Machine learning in trading: theory, models, practice and algo-trading - page 1532

 
Aleksey Nikolayev:

Or something like a system-list portfolio with a sliding recalculation.

What exactly should I recalculate?

 
Aleksey Nikolayev:

Or something like a system-list portfolio with a sliding recalculation.

Then it's multiclass. Make a 2nd model that will choose which sheet is best to trade at the moment. Advantages are not obvious and harder to make.

 
Maxim Dmitrievsky:

Well, to begin with the theory. For example, what is the point of selecting models separately for sale and for purchase?

All that is not to buy - to sell, and vice versa.

My ideology is in improving the basic trading strategy, and the strategy is trend following; therefore it does not provide for the flips at an empty place -market entries from the flat, and the "Do Not Enter" essentially sifts out false flat breakdowns.

Further, I experimented with models for closing profitable positions near long ZZ peaks and the result was not satisfactory, i.e. either the predictive ability is lower there or my predictors do not work well there, or maybe both, so I do not use the reversal strategy.
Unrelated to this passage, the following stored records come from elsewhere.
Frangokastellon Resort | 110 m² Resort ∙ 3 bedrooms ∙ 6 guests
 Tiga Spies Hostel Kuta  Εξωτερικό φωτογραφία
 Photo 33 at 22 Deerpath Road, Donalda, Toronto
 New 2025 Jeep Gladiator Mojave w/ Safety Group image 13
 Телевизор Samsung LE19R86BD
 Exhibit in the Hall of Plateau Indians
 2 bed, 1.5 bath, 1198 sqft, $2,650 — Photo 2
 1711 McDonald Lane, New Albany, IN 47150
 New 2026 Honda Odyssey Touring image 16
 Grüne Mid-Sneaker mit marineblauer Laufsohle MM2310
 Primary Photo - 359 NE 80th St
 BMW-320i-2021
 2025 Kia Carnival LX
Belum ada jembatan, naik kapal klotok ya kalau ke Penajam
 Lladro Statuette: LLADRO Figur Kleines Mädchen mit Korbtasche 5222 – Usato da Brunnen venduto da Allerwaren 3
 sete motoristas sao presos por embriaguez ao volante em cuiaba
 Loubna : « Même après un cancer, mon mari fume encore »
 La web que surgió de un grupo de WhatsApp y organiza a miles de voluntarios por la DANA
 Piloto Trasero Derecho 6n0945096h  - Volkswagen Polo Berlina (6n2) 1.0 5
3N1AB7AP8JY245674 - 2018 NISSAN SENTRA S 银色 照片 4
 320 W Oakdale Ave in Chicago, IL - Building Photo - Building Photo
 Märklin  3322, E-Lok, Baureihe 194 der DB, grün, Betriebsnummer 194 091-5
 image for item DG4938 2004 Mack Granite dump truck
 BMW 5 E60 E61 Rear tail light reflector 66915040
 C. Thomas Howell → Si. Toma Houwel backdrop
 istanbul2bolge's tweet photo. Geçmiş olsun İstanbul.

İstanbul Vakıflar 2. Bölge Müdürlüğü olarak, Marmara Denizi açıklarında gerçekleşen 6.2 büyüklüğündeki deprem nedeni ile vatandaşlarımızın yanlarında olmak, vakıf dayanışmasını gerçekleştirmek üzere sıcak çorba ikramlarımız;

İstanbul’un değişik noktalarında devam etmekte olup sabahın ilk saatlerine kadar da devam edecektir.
On the contrary, I think it's better to train two different models here.

Maxim Dmitrievsky:

When you can just filter inputs through a higher threshold. The "don't trade" class can be given excessive weight by the model, causing the model error to decrease and the predictive (generalizability) ability to generally fall.

Almost this approach, with binary classification to trade/not to trade where it is specified by a model threshold, I use in my experiments with CatBoost, but the trouble is that the model is built like a vacuum cleaner sucking up everything good and bad and the output is a fast model with a low number of inputs.

Maxim Dmitrievsky:

The point of the second model is that 1st model will have 1stand 2nd kind errors - false positive and false negative. We are interested in removing them. To do it you feed the same features to the input of the 2nd model and the output of the 1st model, where 0 - trade was profitable and 1 - trade was losing. Train the second classifier and trade only when it shows 0, i.e. filters the signals of the 1st model. Loss trades will almost disappear on the tray, you have to test it on the test - that's one.

You can train the second model not only on the tray, but also capture the CB, then it will correct trades on the new data - this is two. And then the tests.

That's exactly what I did, only I used not separated predictors, but sheets as predictors, where 1 - signal from the sheet in the predictor, and in the target - the correct classification answers. Of course, my method does not allow to find new connections of predictors, but it allows to look for relationships between existing connections.

I will try your method too, thanks. However, it can be realized in this concept only as a CatBoost model, probably, to save time, but I'm afraid it will cut everything greatly again.

 
Maxim Dmitrievsky:

then it's a multiclass. Make a 2nd model that will choose which sheet is the best to trade at the moment. The advantages are not obvious and harder to make.

Nah, there are too many sheets, such classification won't work...

 
Aleksey Vyazmikin:

I have the ideology to improve the basic trading strategy, and the strategy is a trend strategy, so it does not provide for flips in an empty space - market entries from the flat, and the "Do Not Enter" filters out false flat breakdowns in fact.

Further, I experimented with models for closing profitable positions near long ZZ peaks and the result was not satisfactory, i.e. either the predictive ability is lower there or my predictors do not work well there, or maybe it is both, so I do not use the reversal strategy. On the contrary, I think it's better to train two different models here.

Almost this approach, with binary classification to trade/not to trade where it is specified by a threshold of the model, I use in my experiments with CatBoost, but the problem is that the model is built like a vacuum cleaner sucking up good and bad and the output is a fast but low-incoming model.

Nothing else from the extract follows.